Different authors often have varying interpretations on sleep, so Shakespeare first uses King Duncan’s sleep to establish to readers what sleep will represent—innocence and purity—throughout the play. As Macbeth and Lady Macbeth initiate their plan to kill King Duncan, Lady Macbeth laments on her decision not to kill Duncan herself, saying, “Had he not resembled / My father as he slept, I had done ’t” (Shakespeare II.ii.12-13). Lady Macbeth’s inability to kill Duncan rests partly in the fact that his sound sleep reminded her of her father. She, perhaps unconsciously, associates sleep with innocence and goodness. Readers can see that this innocence temporarily appealed to her basic sense of morality, overcoming even her blinding ambition . Macbeth previously describes Duncan as someone, “So clear in his great office” (Shakespeare I.vii.18). King Duncan is a virtuous, wholesome person, so Shakespeare allows him to sleep soundly to show readers that sleep represents a clear conscience. This is also Shakespeare’s method of depicting a good king- someone who can sleep at night is someone who is at peace.
Because sleep represents clear thoughts and a restful attitude, Shakespeare delightfully disables Macbeth and Lady Macbeth’s ability to sleep in order to emphasize to readers that their actions were indeed wrong. Macbeth hears a voice after he kills Duncan that says, “Glamis hath murdered sleep, and therefore Cawdor / Shall sleep no more. Macbeth shall sleep no more” (Shakespeare II.ii.45-46). Macbeth previously lamented the need to kill Duncan, finding that the only reason he planned to do so was “blinding ambition.” As a result, readers may have sympathized with his decision to kill Duncan; after all, he faced pressure from a manipulative wife who questioned his manliness.
However, Shakespeare makes it clear to readers that Macbeth’s actions were not justified in any manner by preventing Macbeth from sleeping. Furthermore, after killing Banquo, Macbeth attempts to sleep by saying, “What's done cannot be undone. / To bed, to bed, to bed” (Shakespeare V.i.74). Macbeth clearly wishes to clear his conscience by sleeping, but he is unable to do so. This once again makes it clear to readers who may have been doubting if Macbeth’s actions were wrong because he didn’t physically kill Banquo: Shakespeare emphasizes that Macbeth’s actions were indeed evil.

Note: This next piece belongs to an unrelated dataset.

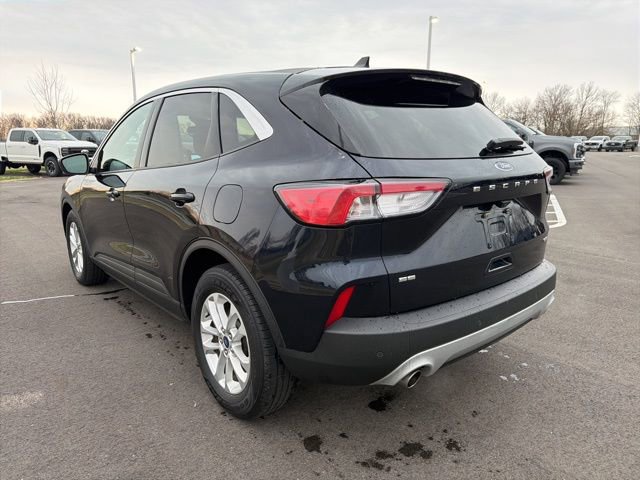 Used 2021 Ford Escape SE image 12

The last instance of sleep occurs as Lady Macbeth hallucinates during her sleepwalking; this depicts her persisting guilt and illusion of sleep. First, she says, “Out, damned spot! Out, I say!—One, two. Why, then, ’tis time to do ’t” (Shakespeare V.i.25). She clearly is unable to “rinse” the guilt off of her, but the fact that this occurs in her sleepwalk is significant because sleepwalking is often seen as a fake sleep. Lady Macbeth has not done anything evil for a while, thus her apparent ability to sleep, but Shakespeare shows readers that guilt is everlasting in only allowing Lady Macbeth to partially sleep. Furthermore, the gentlewoman says, “Ay, but their sense is shut” (Shakespeare V.i.26). The gentlewoman knows that when Lady Macbeth is sleepwalking, she is unable to think or process things. This further emphasizes the false sense of sleep: Lady Macbeth is technically unable to think, thus looking like sleep, but in reality, she has lucid visions and is talking.
Sleep plays a vital role in Macbeth because Shakespeare heavily uses it to expose the wrongfulness of some characters’ actions.